[Opening Information supplied section]

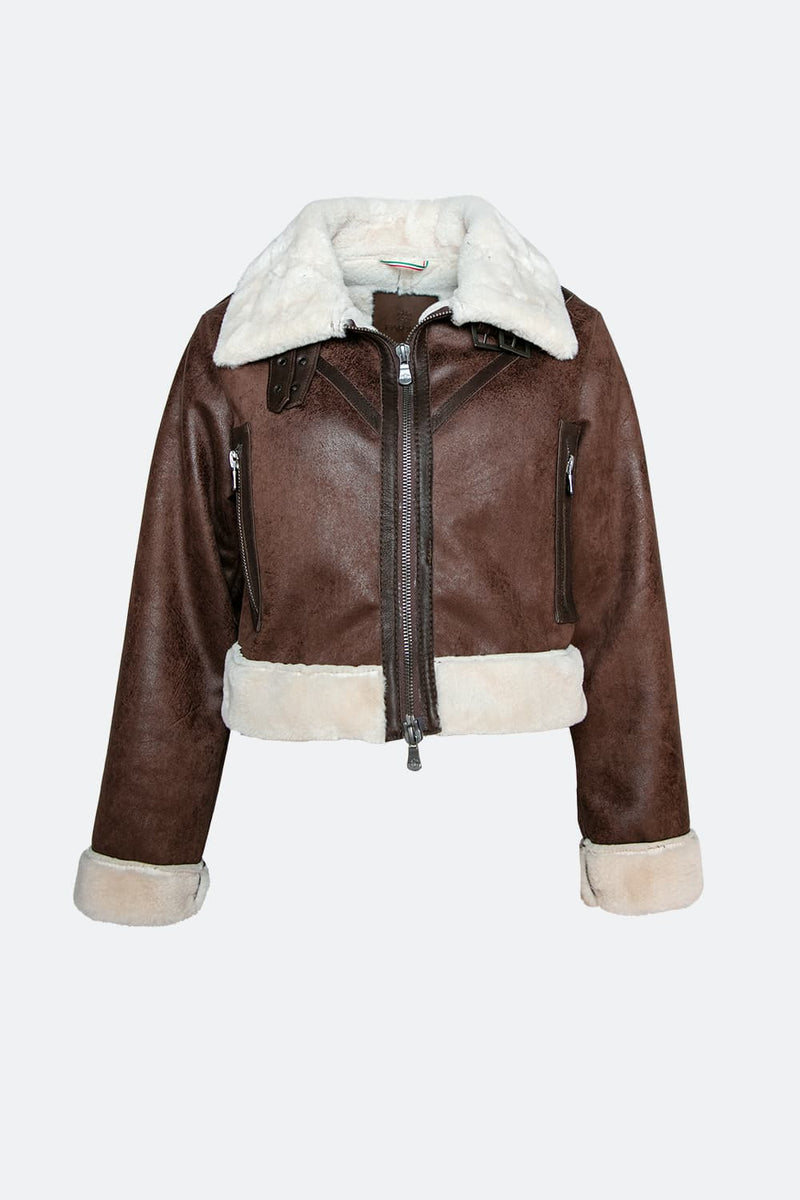 Ginevra Dark Brown Shearling Style woman Barone firenze - 2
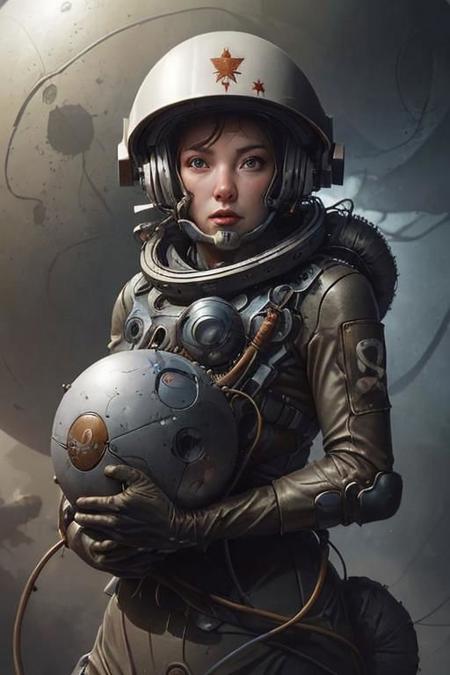 masterpiece, ultra high resolution, 3/4 view, (upper body:1.5), a woman in a space suit with a helmet on mars, space explorer, sovietpunk, breathtaking background, fantastic scenary, connected with wires to metallic orbs, elegant pose,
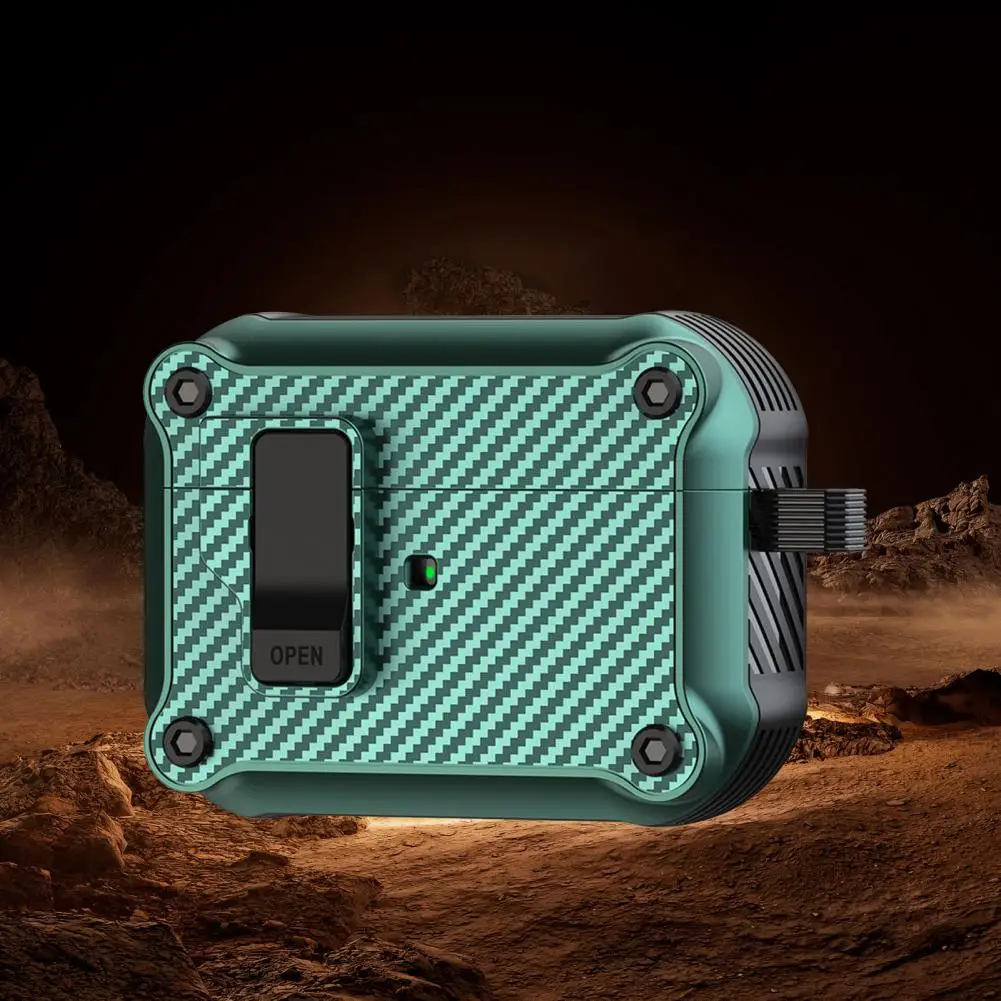 Headphone Storage Case with Switch Lock Headphone Case with Dual Material Wireless Charging Shock proof for Airpods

[Closing Information supplied section]

■ Activity
Extract every line of the data exactly; pictures stay out.

■ Exercise solution
 Ginevra Dark Brown Shearling Style woman Barone firenze - 2
 masterpiece, ultra high resolution, 3/4 view, (upper body:1.5), a woman in a space suit with a helmet on mars, space explorer, sovietpunk, breathtaking background, fantastic scenary, connected with wires to metallic orbs, elegant pose,
 Headphone Storage Case with Switch Lock Headphone Case with Dual Material Wireless Charging Shock proof for Airpods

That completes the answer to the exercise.